Am Samstag feierte Madames etwas anderer Stadtbummel Premiere: „Willkommen in der Landesbaugrube Düsseldorf“, begrüßt sie die Teilnehmer. „Ich bin dafür zuständig, den Prunk der Kö ins rechte Licht zu rücken.“

Denn der einstige Glanz der ehemaligen „Glamourhauptstadt“ drohe im Schlamm der Baugruben verschüttet zu werden. Vom Theatermuseum aus geht es über die Reste des Hofgartens zum auf Parklückengröße geschrumpften Corneliusplatz: „Hier sehen Sie die Realität in der Stadt. Baugruben, Kräne, Hofgartenstraße. Aber wir haben den Krieg überstanden, wir werden auch das überstehen“, sagt sie optimistisch.

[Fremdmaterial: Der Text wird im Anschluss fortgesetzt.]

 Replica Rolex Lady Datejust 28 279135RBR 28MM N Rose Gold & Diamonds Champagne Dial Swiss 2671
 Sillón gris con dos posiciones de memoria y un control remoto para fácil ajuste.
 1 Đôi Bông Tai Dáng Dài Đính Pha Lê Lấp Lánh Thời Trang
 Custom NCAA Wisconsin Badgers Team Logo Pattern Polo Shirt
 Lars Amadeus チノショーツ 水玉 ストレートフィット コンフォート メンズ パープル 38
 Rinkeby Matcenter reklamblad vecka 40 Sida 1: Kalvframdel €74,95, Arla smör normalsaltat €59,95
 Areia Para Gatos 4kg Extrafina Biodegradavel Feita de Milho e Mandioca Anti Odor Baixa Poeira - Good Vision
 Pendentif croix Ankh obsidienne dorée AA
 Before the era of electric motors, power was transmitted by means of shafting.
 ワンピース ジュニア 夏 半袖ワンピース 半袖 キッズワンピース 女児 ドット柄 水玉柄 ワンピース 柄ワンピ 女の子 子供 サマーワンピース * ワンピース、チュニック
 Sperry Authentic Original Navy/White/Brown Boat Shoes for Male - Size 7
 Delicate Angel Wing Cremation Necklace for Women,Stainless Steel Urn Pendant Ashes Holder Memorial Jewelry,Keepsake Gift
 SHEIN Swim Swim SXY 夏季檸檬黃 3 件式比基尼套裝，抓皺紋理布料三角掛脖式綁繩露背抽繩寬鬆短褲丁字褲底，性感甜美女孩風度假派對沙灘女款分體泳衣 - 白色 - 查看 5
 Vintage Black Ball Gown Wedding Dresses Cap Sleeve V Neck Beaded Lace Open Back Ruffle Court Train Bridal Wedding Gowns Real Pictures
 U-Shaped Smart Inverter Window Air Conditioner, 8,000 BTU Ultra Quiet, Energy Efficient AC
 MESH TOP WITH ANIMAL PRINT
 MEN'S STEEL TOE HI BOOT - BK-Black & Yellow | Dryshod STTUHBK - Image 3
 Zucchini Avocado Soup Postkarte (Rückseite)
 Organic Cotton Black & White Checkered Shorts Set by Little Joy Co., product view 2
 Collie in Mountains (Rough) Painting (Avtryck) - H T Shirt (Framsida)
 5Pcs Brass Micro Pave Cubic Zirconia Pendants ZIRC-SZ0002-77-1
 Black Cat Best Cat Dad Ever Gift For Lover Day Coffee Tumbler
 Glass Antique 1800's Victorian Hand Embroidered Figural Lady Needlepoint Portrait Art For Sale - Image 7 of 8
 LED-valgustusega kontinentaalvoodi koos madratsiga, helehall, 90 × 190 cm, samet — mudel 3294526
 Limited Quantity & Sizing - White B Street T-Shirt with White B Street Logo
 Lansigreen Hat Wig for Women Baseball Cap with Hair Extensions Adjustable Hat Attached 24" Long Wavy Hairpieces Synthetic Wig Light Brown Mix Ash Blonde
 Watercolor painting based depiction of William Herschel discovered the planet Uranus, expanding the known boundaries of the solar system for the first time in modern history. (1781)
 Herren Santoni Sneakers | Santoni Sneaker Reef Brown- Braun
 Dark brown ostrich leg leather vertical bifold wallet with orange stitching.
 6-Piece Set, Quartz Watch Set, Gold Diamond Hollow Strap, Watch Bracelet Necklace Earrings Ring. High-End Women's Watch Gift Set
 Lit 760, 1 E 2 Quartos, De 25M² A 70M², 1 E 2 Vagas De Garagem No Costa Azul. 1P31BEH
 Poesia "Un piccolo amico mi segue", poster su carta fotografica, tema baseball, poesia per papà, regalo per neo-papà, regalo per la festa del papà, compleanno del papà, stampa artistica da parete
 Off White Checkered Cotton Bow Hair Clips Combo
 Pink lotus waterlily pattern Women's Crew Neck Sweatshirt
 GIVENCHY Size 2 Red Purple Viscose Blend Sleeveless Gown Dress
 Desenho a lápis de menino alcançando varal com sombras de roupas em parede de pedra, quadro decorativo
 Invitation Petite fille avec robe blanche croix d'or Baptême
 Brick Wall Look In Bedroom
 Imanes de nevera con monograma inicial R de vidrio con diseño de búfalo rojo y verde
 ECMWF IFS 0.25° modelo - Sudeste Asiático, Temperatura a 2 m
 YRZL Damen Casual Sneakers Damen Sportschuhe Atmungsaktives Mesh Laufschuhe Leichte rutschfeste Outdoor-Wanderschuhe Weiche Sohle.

Unklar bleibt, welchen Krieg die 34-Jährige meint.

Zum Tausendfüßler hat sie natürlich auch eine Meinung: „Erst gab es Proteste, dass er gebaut wurde, jetzt protestieren sie, damit er nicht abgerissen wird.“ Freifrau würde das nie tun, sie lässt höchstens protestieren.

Vor dem Besuch der nach ihr benannten Straße warnt sie die Teilnehmer: Der Anblick mehrfach gerichteter Näschen“ sei für zarte Seelen nur schwer zu verkraften.

Sie genießt das Schaulaufen, im Modegeschäft Eickhoff wird sie sogar mit Handkuss begrüßt, obwohl sie doch nur „eine einfache Frau aus der Oberschicht“ ist. Mit unverschämten Zurufen geht sie souverän um: „Der Bauhelm ist aber von Tiffanys, oder?“ „Natürlich, Schätzchen.“ Madame ist zwar knallhart in der Rhetorik, nimmt es jedoch mit den geschichtlichen Daten nicht so genau geht. Dafür sprudelt ihr Witz wie Brause im Champagnerkelch. Ein Society-Girl will sie nicht sein und zur Stilikone mangelt es unter fingerdickem Make-up einfach an Understatement. Stattdessen hat sie etwas, das man nicht kaufen kann: unverbrauchte Originalität. Und deshalb gibt es auch ungewöhnlich viel Applaus für diese Stadtführung.